Work to complete: Nothing but the lines from the one containing "vidaXL vidaXL Arbeitstisch, weiß, 110,5" to the end of the material should be returned, each exactly as written.

Provided data:
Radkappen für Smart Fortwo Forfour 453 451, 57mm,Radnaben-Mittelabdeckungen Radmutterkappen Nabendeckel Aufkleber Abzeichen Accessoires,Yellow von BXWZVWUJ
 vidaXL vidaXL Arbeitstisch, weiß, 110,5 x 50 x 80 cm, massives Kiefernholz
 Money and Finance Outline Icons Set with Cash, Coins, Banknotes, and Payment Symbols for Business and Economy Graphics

Solution to this exercise:
 vidaXL vidaXL Arbeitstisch, weiß, 110,5 x 50 x 80 cm, massives Kiefernholz
 Money and Finance Outline Icons Set with Cash, Coins, Banknotes, and Payment Symbols for Business and Economy Graphics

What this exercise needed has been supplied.